Available data Start Marker
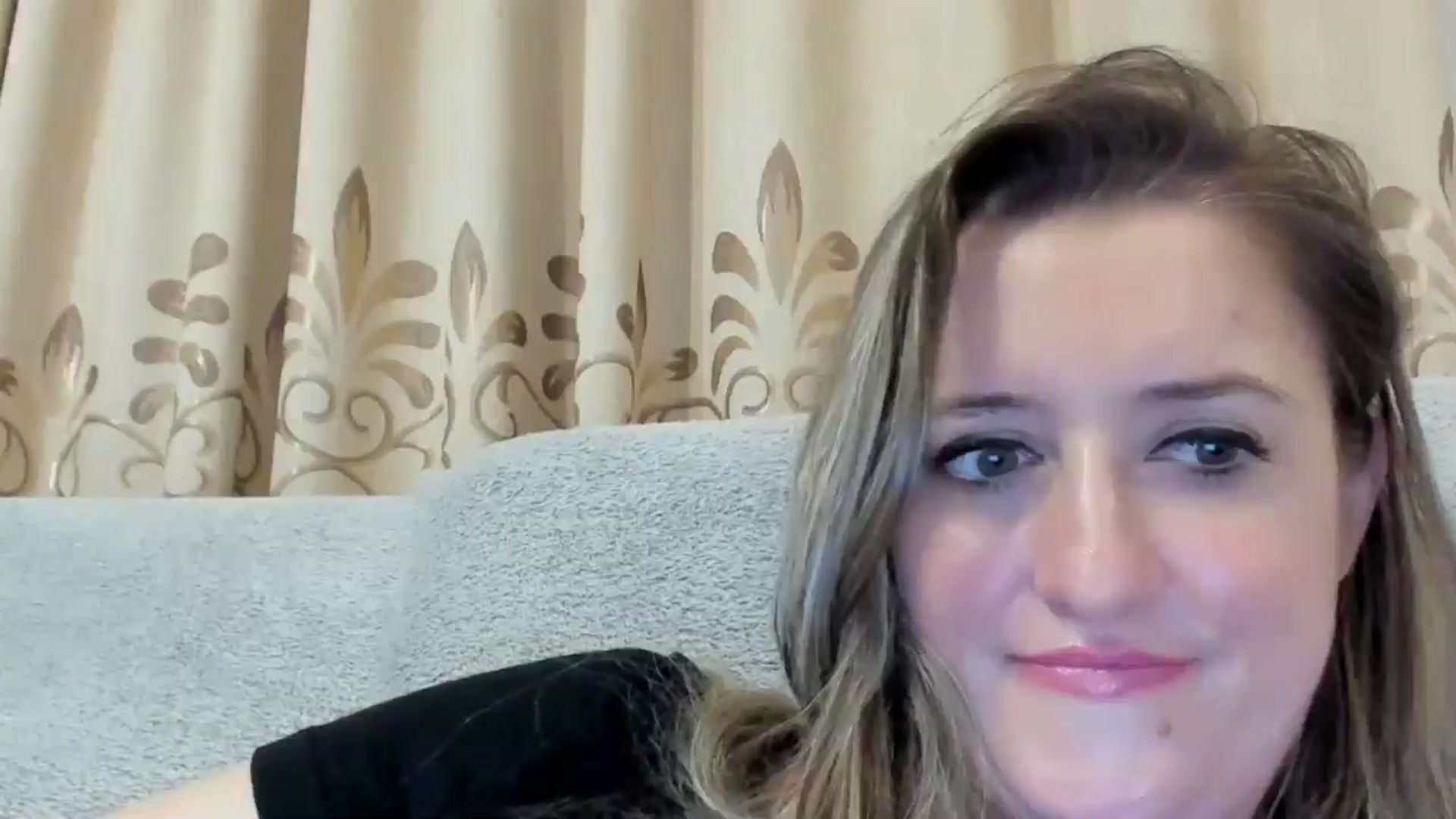 Gallery image thumbnail from BestDream's myfreecams stream on, 10/27/2024, 22:33 image 15 of 20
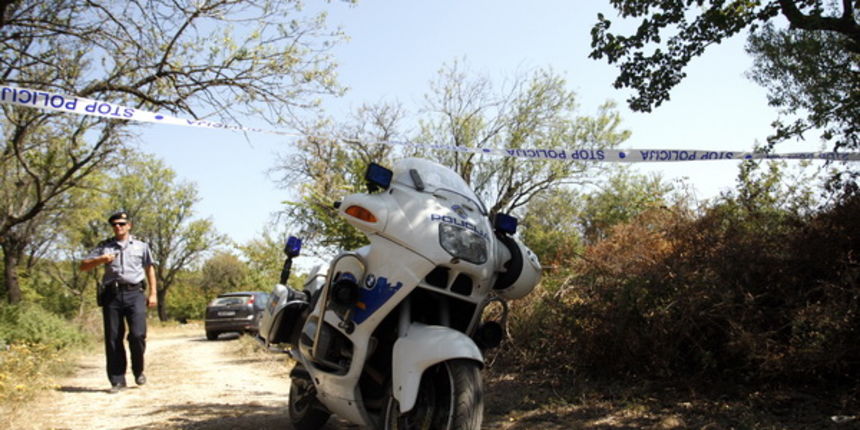 Rastevic, 280809.
U selu Rastevic blizu Benkovca Vinka Banovic vodeci ovce na ispasu pronasla je ostatke ljudskog kostura. Policija vrsi ocevid te ce se kosti u toku dana odnijeti na patologiju.
Foto: Jure Miskovic / CROPIX Rastevic, 280809.
U selu Rastevic blizu Benkovca Vinka Banovic vodeci ovce na ispasu pronasla je ostatke ljudskog kostura. Policija vrsi ocevid te ce se kosti u toku dana odnijeti na patologiju.
Foto: Jure Miskovic / CROPIX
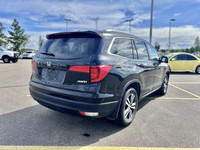 All Wheel Drive,4-Wheel Disc Brakes,Brake Assist,ABS,Power Steering,Traction Control,Tires - Rear Al... (image 8)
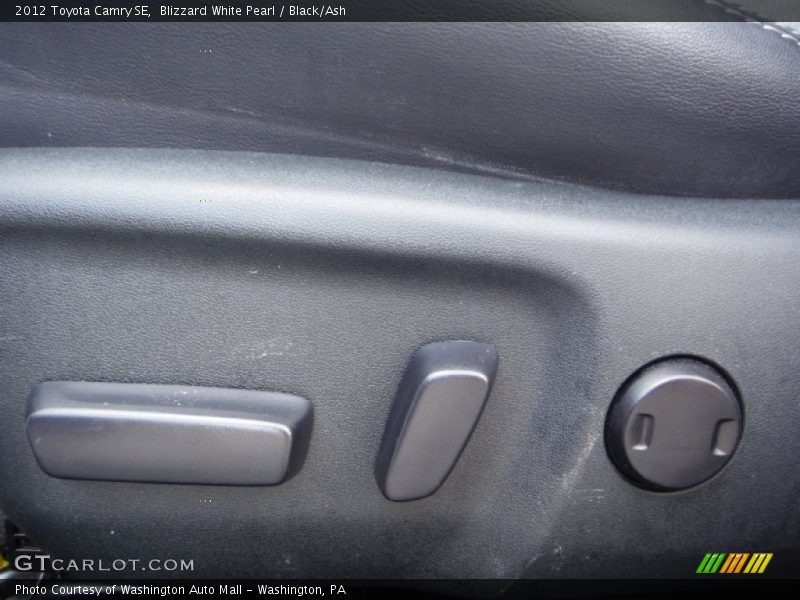 Blizzard White Pearl / Black/Ash 2012 Toyota Camry SE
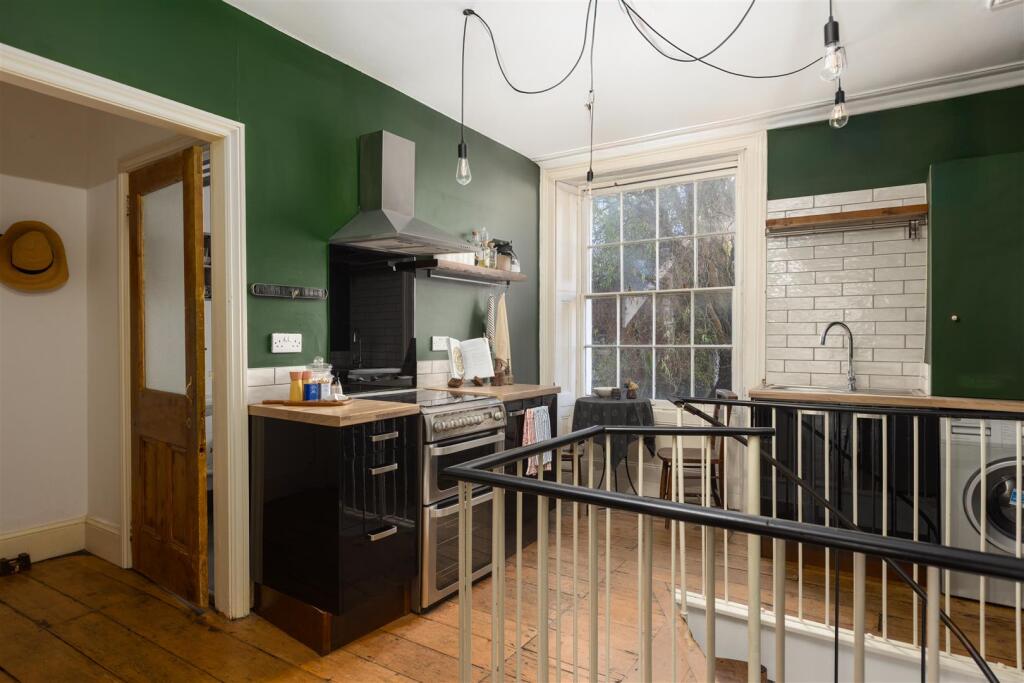 Flat 1, 23 Bath Buildings, BS6-27.jpg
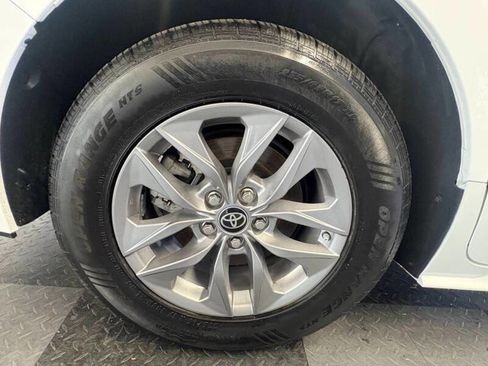 Used 2022 Toyota Sienna LE image 13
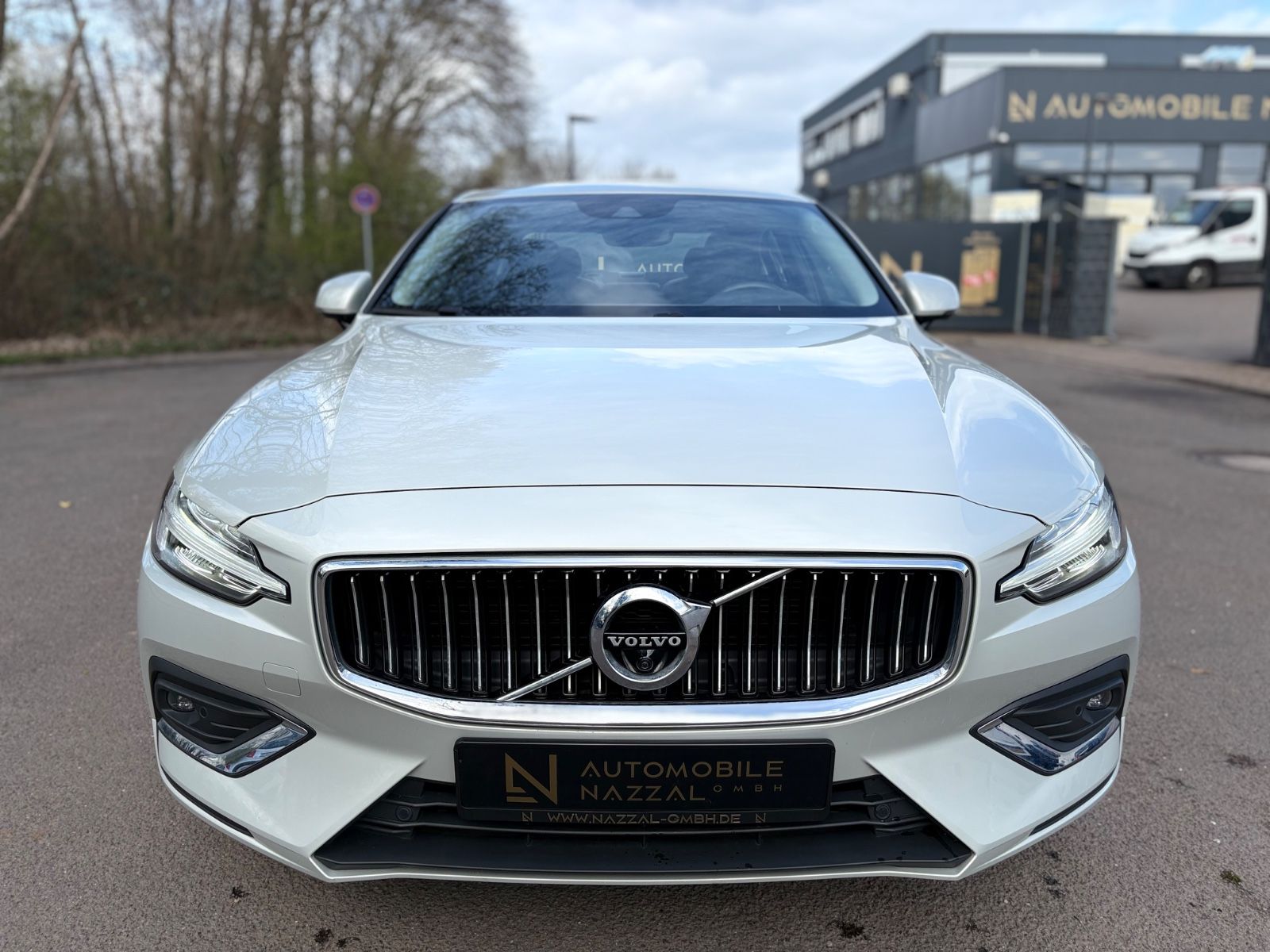 Fahrzeugabbildung Volvo S60 INSCRIPTION *AUT*VOLL-LED*360KAMERA*VIRTUAL*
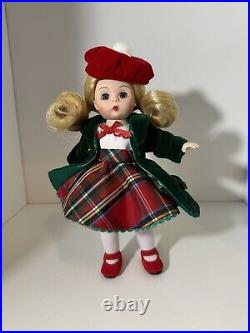 51100 Madame Alexander Doll In Box 8 Yuletide Shopper Retired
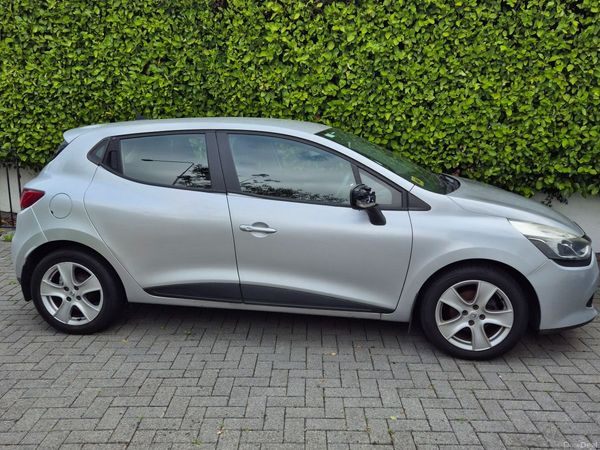 Renault Clio Hatchback, Petrol, 2014, Silver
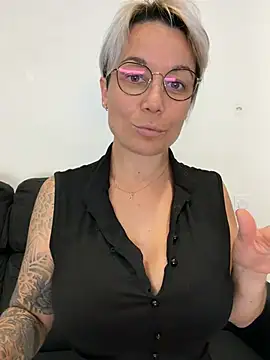 marinella07 online show from June 26, 2026, 7:36 am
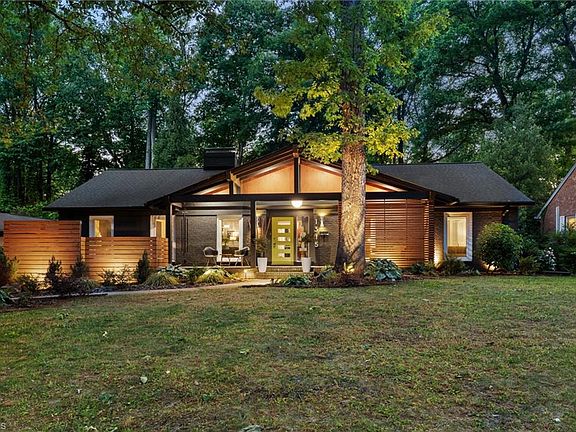 2nd image of 1315 McDowell Dr
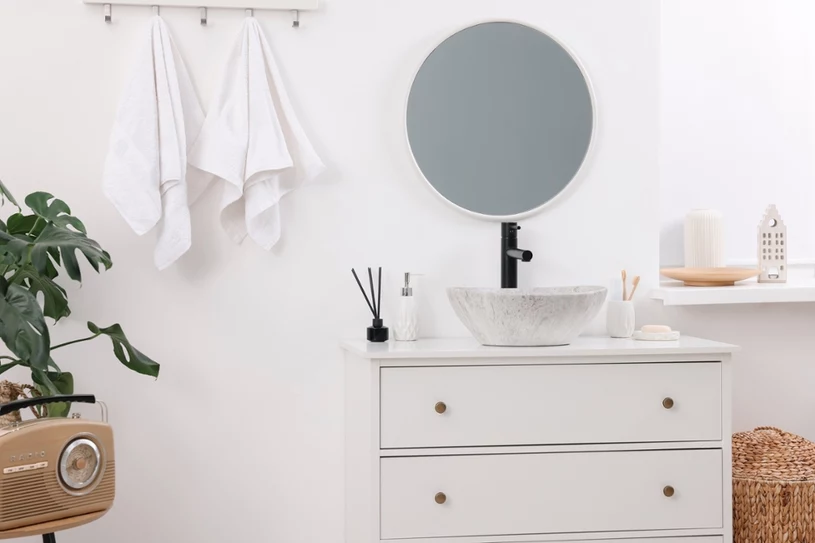 Rozłóż w łazience małe woreczki. Szybko pozbędziesz się brzydkiego zapachu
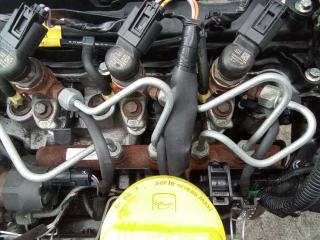 топливная рампа Renault Scenic 3 поколение 2012, 1.5 л., дизель, МКПП, 8200815617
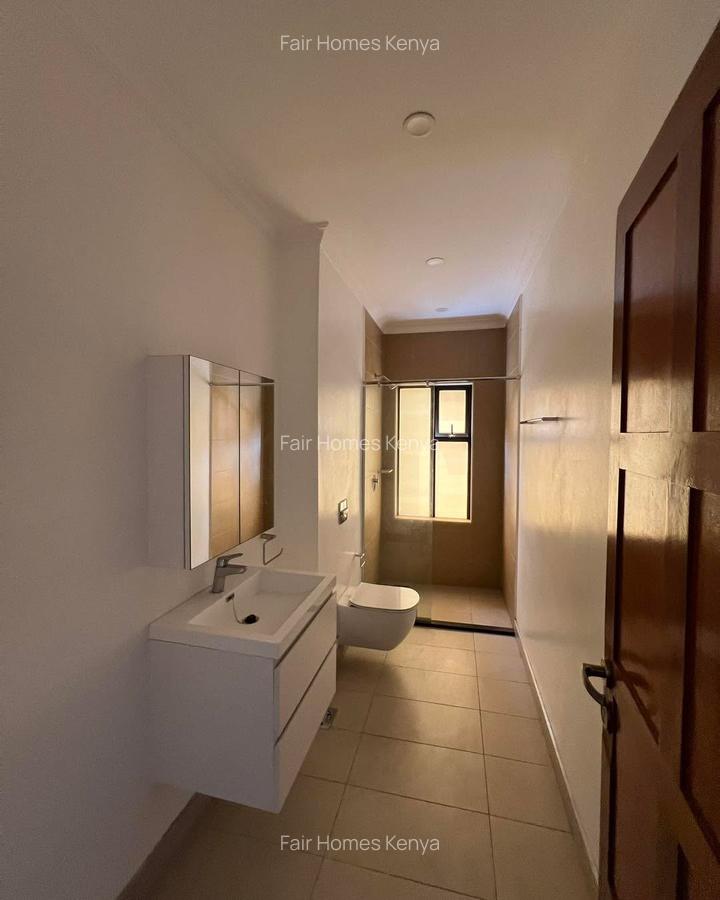 5 Bed Townhouse with En Suite at Kaputei Gardens - 7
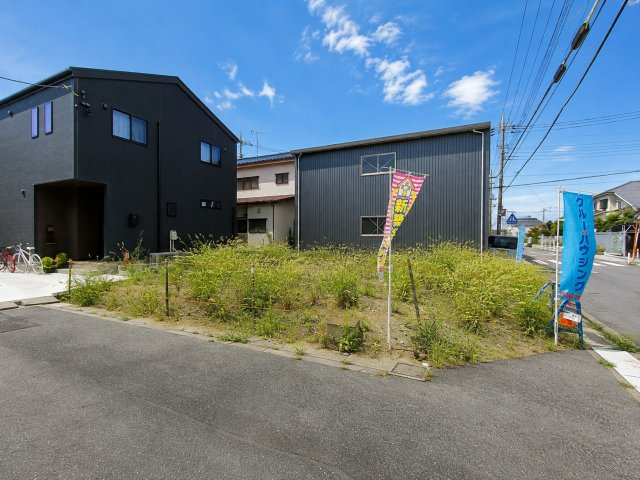 三郷市　鷹野3丁目　売地の前面道路含む現地写真|前面道路含む現地写真です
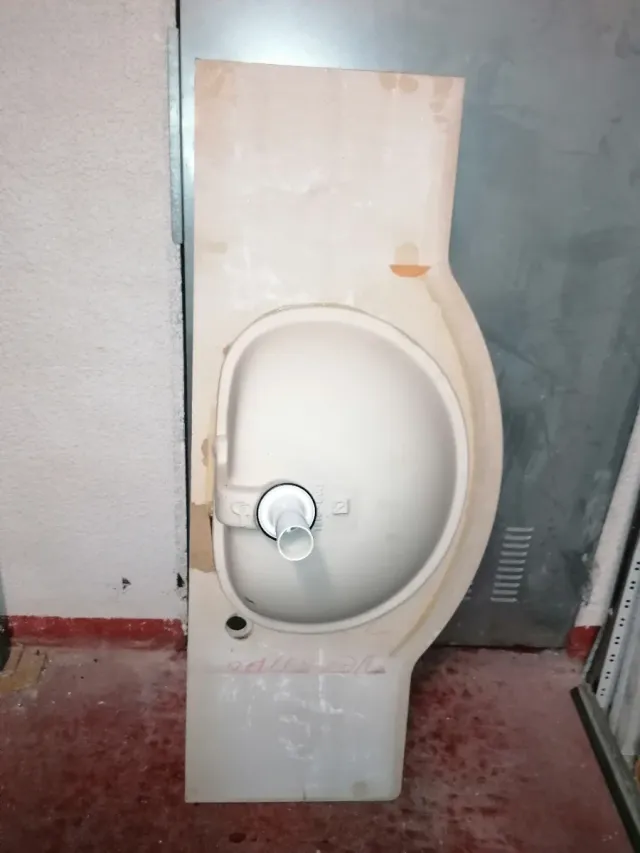 Encimera con lavabo beige y blanco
Available data End Marker
Pictures must not appear in the copy, and every record must be restated word for word.

Answer below =>
 Gallery image thumbnail from BestDream's myfreecams stream on, 10/27/2024, 22:33 image 15 of 20
 Rastevic, 280809.
U selu Rastevic blizu Benkovca Vinka Banovic vodeci ovce na ispasu pronasla je ostatke ljudskog kostura. Policija vrsi ocevid te ce se kosti u toku dana odnijeti na patologiju.
Foto: Jure Miskovic / CROPIX Rastevic, 280809.
U selu Rastevic blizu Benkovca Vinka Banovic vodeci ovce na ispasu pronasla je ostatke ljudskog kostura. Policija vrsi ocevid te ce se kosti u toku dana odnijeti na patologiju.
Foto: Jure Miskovic / CROPIX
 All Wheel Drive,4-Wheel Disc Brakes,Brake Assist,ABS,Power Steering,Traction Control,Tires - Rear Al... (image 8)
 Blizzard White Pearl / Black/Ash 2012 Toyota Camry SE
 Flat 1, 23 Bath Buildings, BS6-27.jpg
 Used 2022 Toyota Sienna LE image 13
 Fahrzeugabbildung Volvo S60 INSCRIPTION *AUT*VOLL-LED*360KAMERA*VIRTUAL*
 51100 Madame Alexander Doll In Box 8 Yuletide Shopper Retired
 Renault Clio Hatchback, Petrol, 2014, Silver
 marinella07 online show from June 26, 2026, 7:36 am
 2nd image of 1315 McDowell Dr
 Rozłóż w łazience małe woreczki. Szybko pozbędziesz się brzydkiego zapachu
 топливная рампа Renault Scenic 3 поколение 2012, 1.5 л., дизель, МКПП, 8200815617
 5 Bed Townhouse with En Suite at Kaputei Gardens - 7
 三郷市　鷹野3丁目　売地の前面道路含む現地写真|前面道路含む現地写真です
 Encimera con lavabo beige y blanco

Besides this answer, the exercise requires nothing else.